What is required:
The pictures do not go in the copy. Reproduce the rest of the entries exactly.

*** Begin section ***

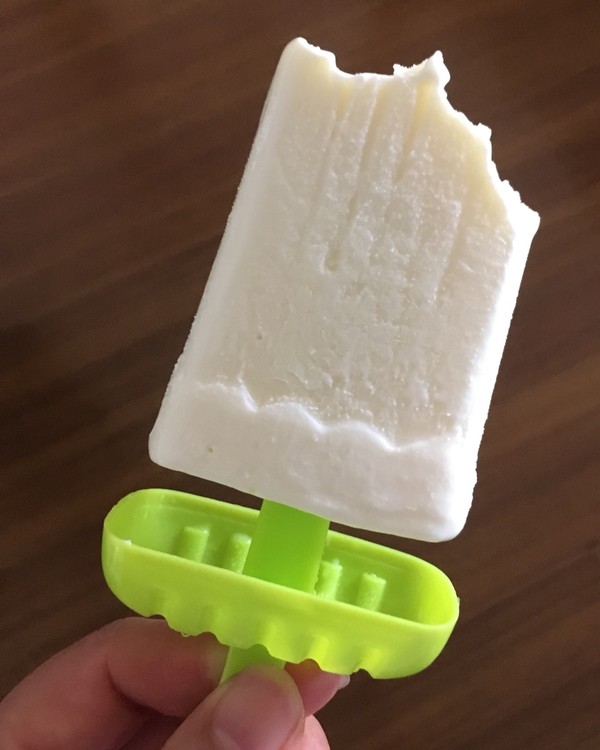 我是rain做的特浓牛奶雪糕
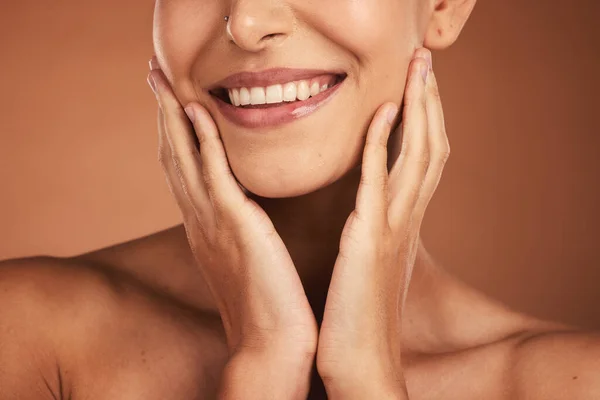 Dental Sonrisa Dientes Cuidado Oral Mujer Sobre Fondo Marrón Estudio —  Fotos de Stock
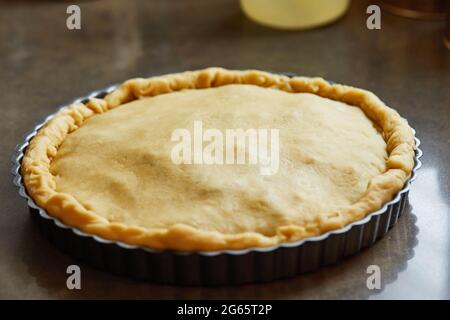 Tarte aux vergers, prête à cuire au four. Recette étape par étape. Banque D'Images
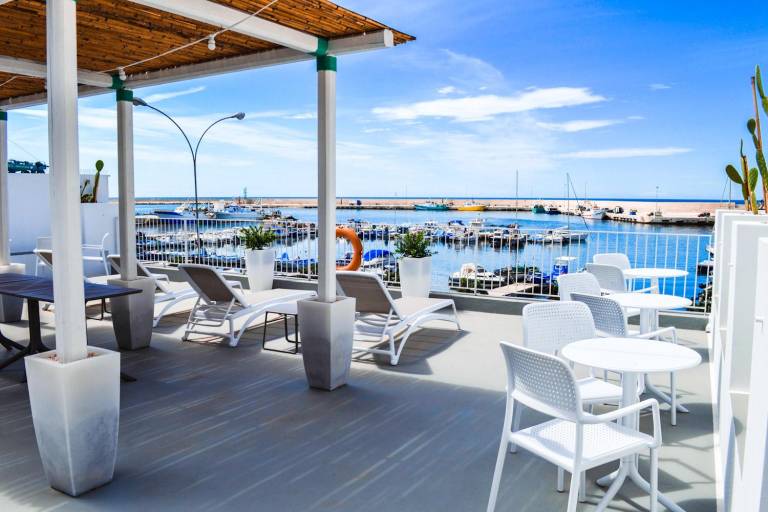 Bed and breakfast  Mola di Bari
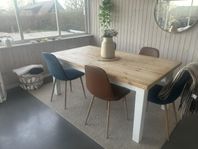 bord och stolar 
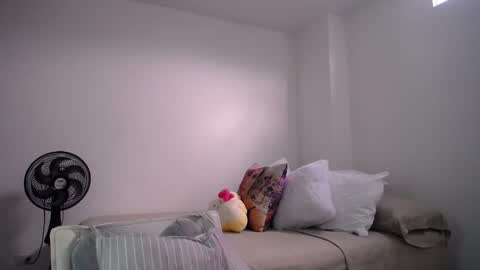 Candy Dowson online show from May 4, 8:34 pm
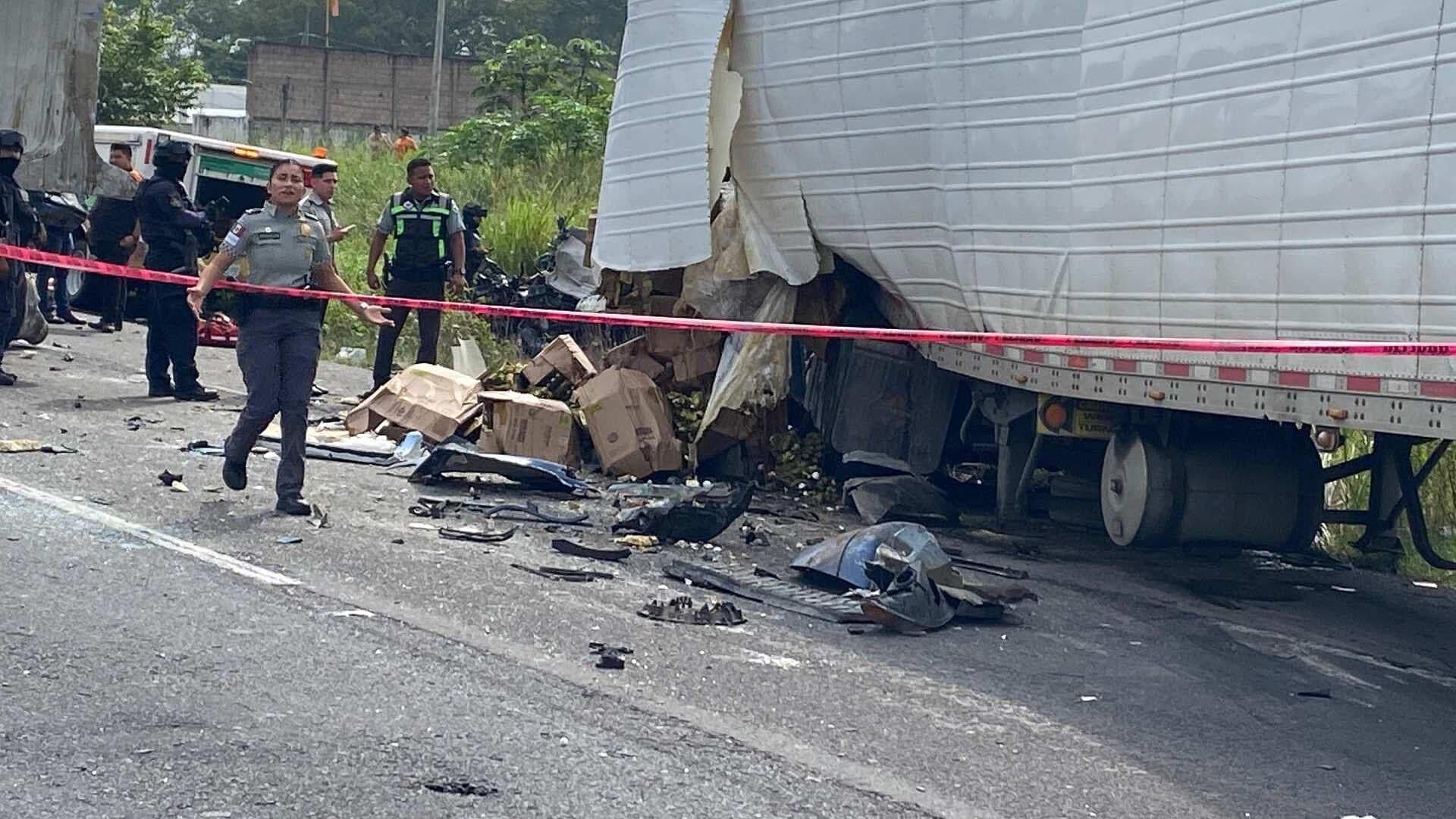 Accidente en Autopista Cosoleacaque-NuevoTeapa deja Tres Muertos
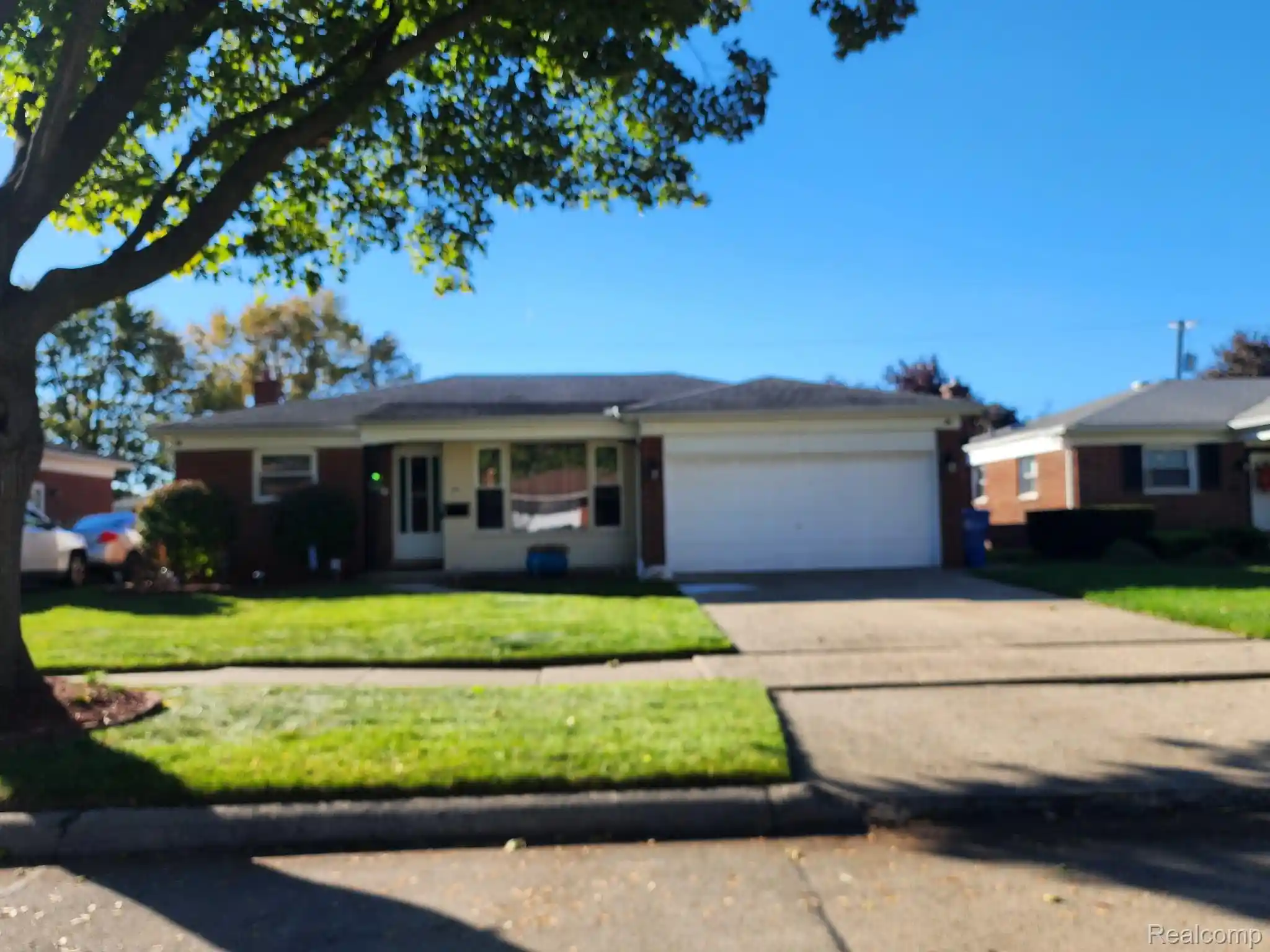 Photo 1 of Single family home for sale at 27741 Roan Dr, Warren, MI 48093 | MLS# 20261086451 | Listing updated on 2026-10-26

*** End section ***

Answer for this exercise:
 我是rain做的特浓牛奶雪糕
 Dental Sonrisa Dientes Cuidado Oral Mujer Sobre Fondo Marrón Estudio —  Fotos de Stock
 Tarte aux vergers, prête à cuire au four. Recette étape par étape. Banque D'Images
 Bed and breakfast  Mola di Bari
 bord och stolar 
 Candy Dowson online show from May 4, 8:34 pm
 Accidente en Autopista Cosoleacaque-NuevoTeapa deja Tres Muertos
 Photo 1 of Single family home for sale at 27741 Roan Dr, Warren, MI 48093 | MLS# 20261086451 | Listing updated on 2026-10-26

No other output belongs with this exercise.